Would you reproduce exactly, and only, the lines starting at the one with "CASEME Plånboksfodral iPhone 16 - Brun" and ending at the last line of the data, with both included? Leave the pictures out.

- INPUT FOR THIS TASK
-*-*-
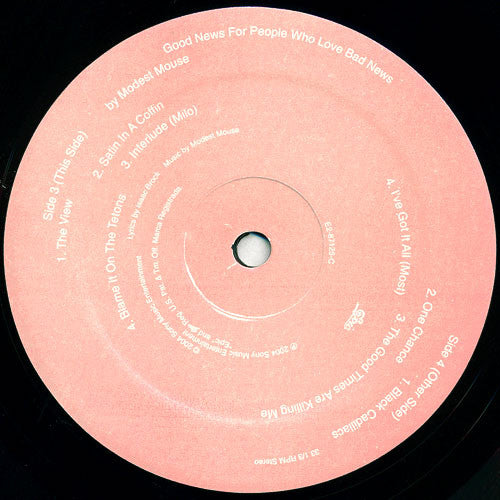 Good News For People Who Love Bad News - Modest Mouse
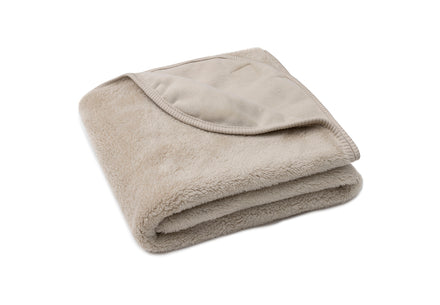 Jollein Deken Wieg 75x100cm Basic Jersey/Sherpa | Warm Sand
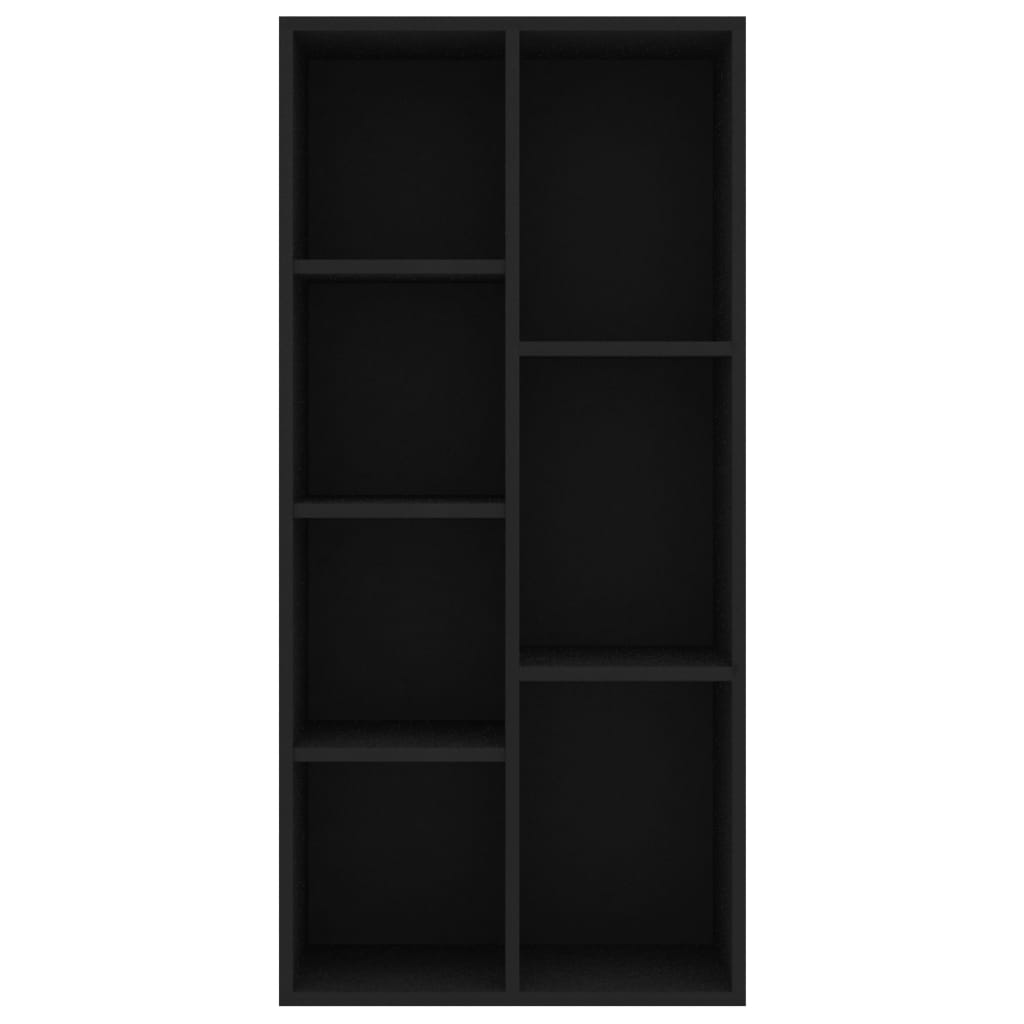 Bokhylle svart 50x25x106 cm konstruert tre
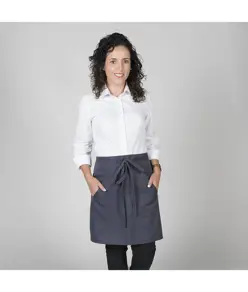 Grembiule senza pettorina e tasca twill poliester Garys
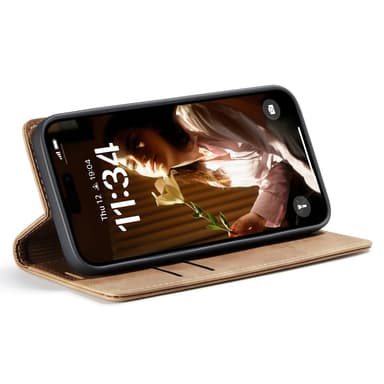 CASEME Plånboksfodral iPhone 16 - Brun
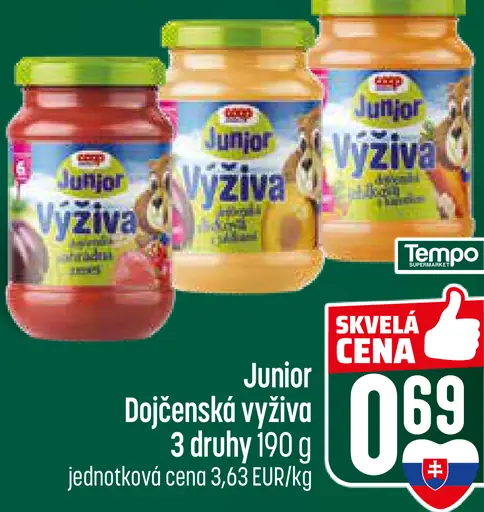 Junior Dojčenská výživa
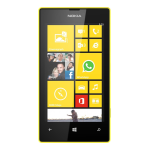 Nokia Lumia 520 Manual do Usu&aacute;rio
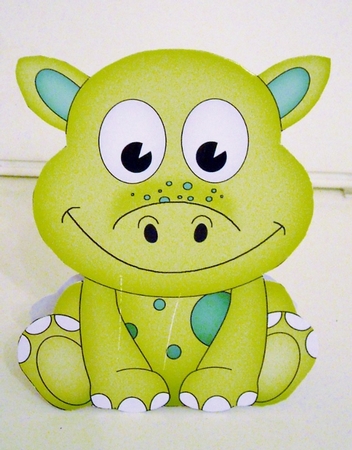 3D Shaped Card  Kit - Cute Little Denis Dino by Pam Stubley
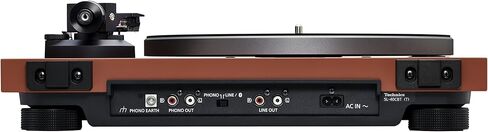 قرص دوار من Technics، مشغل تسجيل HiFi من الدرجة الممتازة مع محرك محرك مباشر بدون قلب وبلوتوث، تشغيل ثابت، خرطوشة من الدرجة الصوتية وذراع نغمة دقيقة، غطاء غبار متضمن - SL-40CBT-K in Kuwait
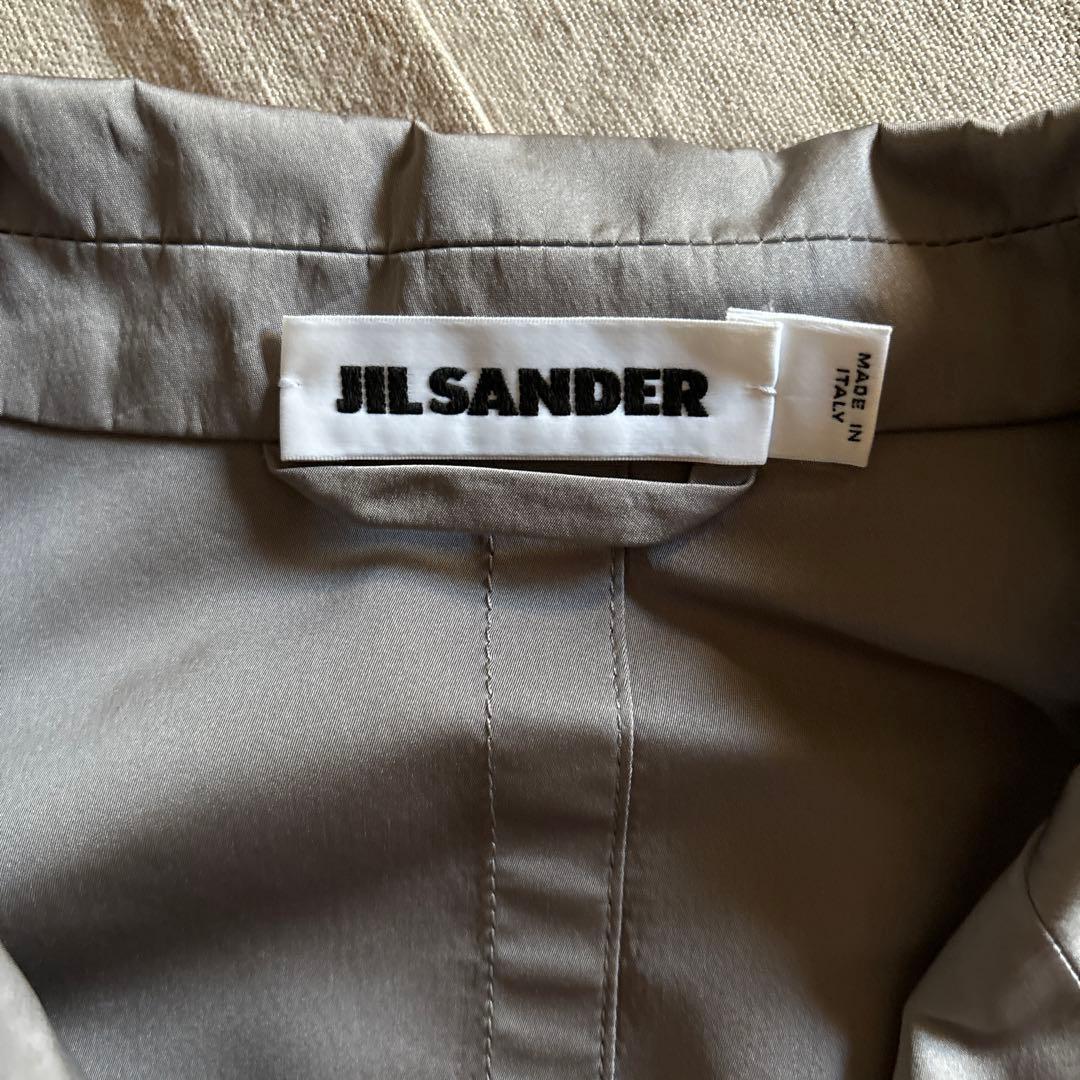 JIL SANDER グレー トレンチコート　34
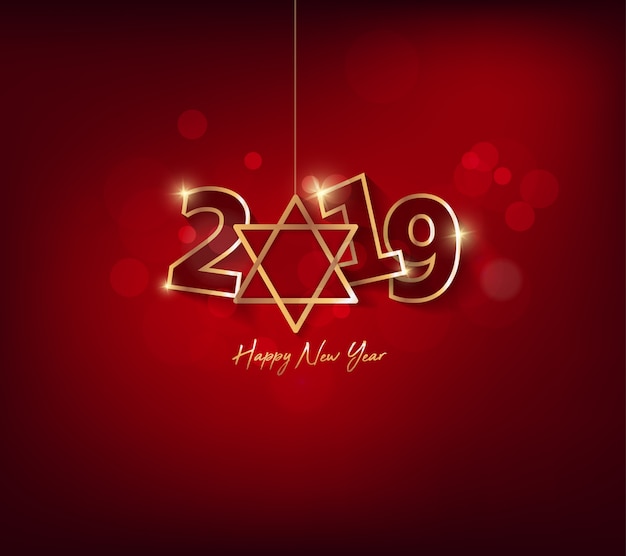 Feliz ano novo 2019 e feliz natal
-*-*-
- ANSWER TO THIS PROBLEM
 CASEME Plånboksfodral iPhone 16 - Brun
 Junior Dojčenská výživa
 Nokia Lumia 520 Manual do Usu&aacute;rio
 3D Shaped Card  Kit - Cute Little Denis Dino by Pam Stubley
 قرص دوار من Technics، مشغل تسجيل HiFi من الدرجة الممتازة مع محرك محرك مباشر بدون قلب وبلوتوث، تشغيل ثابت، خرطوشة من الدرجة الصوتية وذراع نغمة دقيقة، غطاء غبار متضمن - SL-40CBT-K in Kuwait
 JIL SANDER グレー トレンチコート　34
 Feliz ano novo 2019 e feliz natal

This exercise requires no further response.